Bug 1169935
| Summary: | Inconsistent behaviour between multipath and multipathd | |||
|---|---|---|---|---|
| Product: | Red Hat Enterprise Linux 7 | Reporter: | Harald Hoyer <harald> | |
| Component: | device-mapper-multipath | Assignee: | Ben Marzinski <bmarzins> | |
| Status: | CLOSED ERRATA | QA Contact: | Lin Li <lilin> | |
| Severity: | urgent | Docs Contact: | ||
| Priority: | urgent | |||
| Version: | 7.0 | CC: | agk, bmarzins, bmcclain, cshao, ecohen, fdeutsch, gklein, harald, heinzm, huiwa, iheim, jbrassow, leiwang, lilin, lilu, lsurette, msnitzer, nbarcet, prajnoha, qe-baseos-daemons, rbarry, snagar, systemd-maint-list, virt-bugs, yaniwang, yanwang, ycui, zkabelac | |
| Target Milestone: | rc | Keywords: | Triaged | |
| Target Release: | 7.0 | |||
| Hardware: | Unspecified | |||
| OS: | Unspecified | |||
| Whiteboard: | ||||
| Fixed In Version: | device-mapper-multipath-0.4.9-78.el7 | Doc Type: | Bug Fix | |
| Doc Text: |
Cause: When multipath doesn't already have a device's WWID in its wwids file, it will not claim the device immediately upon seeing it. However, it may claim the device later.

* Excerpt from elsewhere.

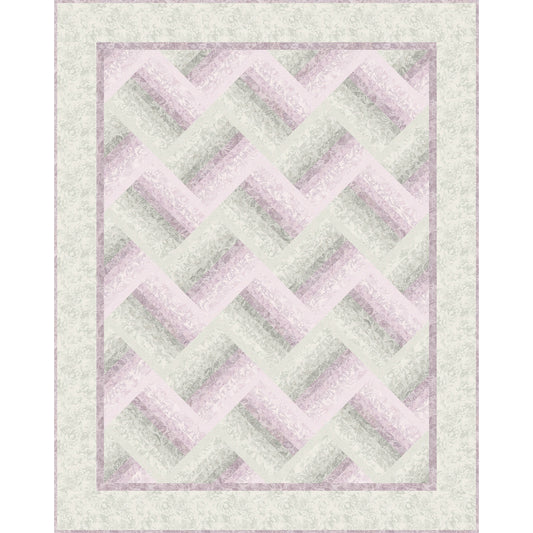 Quilt with a geometric pattern on a light green background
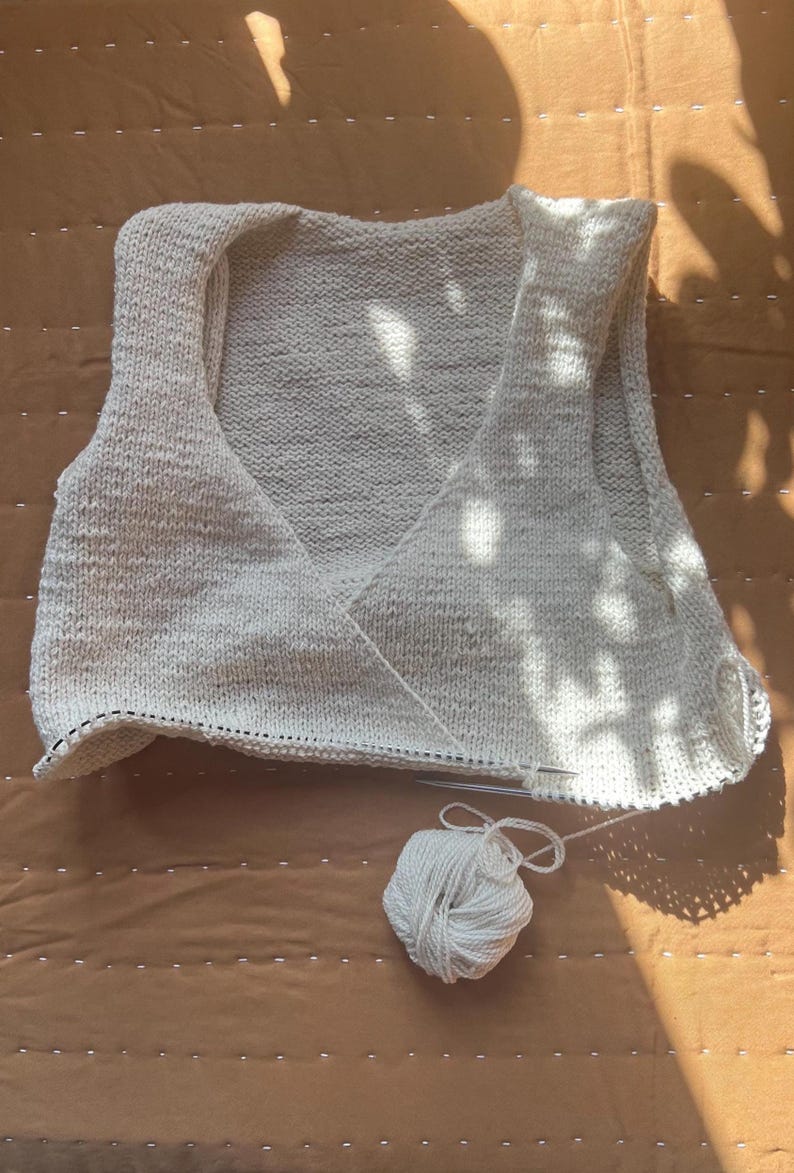 May include: A cream-colored, hand-knitted vest with a V-neck design. The vest is in progress, with knitting needles and a ball of white yarn visible. The background is a brown surface with sunlight and shadows.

Consequence: During boot, this can cause multipath to claim a device after it has started to be used directly by the machine, which can keep if from being completely usable either through multipath or directly.

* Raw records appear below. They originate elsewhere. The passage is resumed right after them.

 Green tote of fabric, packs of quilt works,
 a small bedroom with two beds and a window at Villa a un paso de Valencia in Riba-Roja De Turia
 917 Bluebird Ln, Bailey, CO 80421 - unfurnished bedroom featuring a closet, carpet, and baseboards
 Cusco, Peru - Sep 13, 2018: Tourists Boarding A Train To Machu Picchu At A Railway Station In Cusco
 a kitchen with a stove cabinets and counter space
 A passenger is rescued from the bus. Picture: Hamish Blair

Fix: multipath now has a new multipath.conf configuration option, "ignore_new_boot_devs". If this is set, in the initramfs, multipath will never set itself up on a device that doesn't already have it's WWID in the wwids file
Result: devices whose WWID is not listed in the wwids file will always be usable directly in the initramfs.
|
Story Points: | --- | |
| Clone Of: | 1167620 | |||
| : | 1248227 (view as bug list) | Environment: | ||
| Last Closed: | 2015-11-19 12:56:16 UTC | Type: | Bug | |
| Regression: | --- | Mount Type: | --- | |
| Documentation: | --- | CRM: | ||
| Verified Versions: | Category: | --- | ||
| oVirt Team: | --- | RHEL 7.3 requirements from Atomic Host: | ||
| Cloudforms Team: | --- | Target Upstream Version: | ||
| Embargoed: | ||||
| Bug Depends On: | ||||
| Bug Blocks: | 1248227 | |||
|
Comment 2
Harald Hoyer
2014-12-02 19:03:31 UTC
I don't think this the issue. First off, multipath will failback to getting the information from the environment:
value = udev_device_get_property_value(pp->udev, pp->uid_attribute);
if ((!value || strlen(value) == 0) && conf->cmd == CMD_VALID_PATH)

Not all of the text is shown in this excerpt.